In an organization complex logic is usually segregated into simpler logic across multiple processes. Reasonableness DQ checks on such complex logic yielding to a logical result within a specific range of values or static interrelationships (aggregated business rules) may be validated to discover complicated but crucial business processes and outliers of the data, its drift from BAU (business as usual) expectations, and may provide possible exceptions eventually resulting into data issues. This check may be a simple generic aggregation rule engulfed by large chunk of data or it can be a complicated logic on a group of attributes of a transaction pertaining to the core business of the organization. This DQ check requires high degree of business knowledge and acumen. Discovery of reasonableness issues may aid for policy and strategy changes by either business or data governance or both.
Conformity checks and integrity checks need not covered in all business needs, it’s strictly under the database architecture's discretion.

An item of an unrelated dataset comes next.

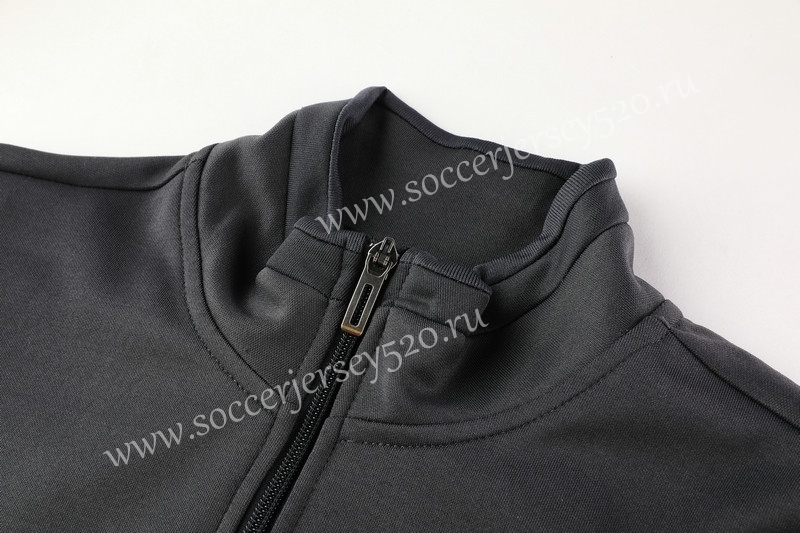 2019-2020 Juventus Dark Gray Thailand Training Soccer Jacket Uniform-LH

There are many places in the data movement where DQ checks may not be required. For instance, DQ check for completeness and precision on not–null columns is redundant for the data sourced from database. Similarly, data should be validated for its accuracy with respect to time when the data is stitched across disparate sources. However, that is a business rule and should not be in the DQ scope.
Regretfully, from a software development perspective, Data Quality is often seen as a non functional requirement. And as such, key data quality checks/processes are not factored into the final software solution. Within Healthcare, wearable technologies or Body Area Networks, generate large volumes of data.O’donoghue, John, and John Herbert. "Data management within mHealth environments: Patient sensors, mobile devices, and databases." Journal of Data and Information Quality (JDIQ) 4.1 (2012): 5. The level of detail required to ensure data quality is extremely high and is often under estimated. This is also true for the vast majority of mHealth apps, EHRs and other health related software solutions. However, some open source tools exist that examine data quality. The primary reason for this, stems from the extra cost involved is added a higher degree of rigor within the software architecture.